_Problem description_: Everything from the line containing "Rhinoplasty Before &" through the last line of the material below is to be copied exactly, ends included.
──────── Information shown ────────
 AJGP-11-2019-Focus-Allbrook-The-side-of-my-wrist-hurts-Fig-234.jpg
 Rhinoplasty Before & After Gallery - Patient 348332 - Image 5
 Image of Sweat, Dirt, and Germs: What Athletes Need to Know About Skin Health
────────
_Solution below_:
 Rhinoplasty Before & After Gallery - Patient 348332 - Image 5
 Image of Sweat, Dirt, and Germs: What Athletes Need to Know About Skin Health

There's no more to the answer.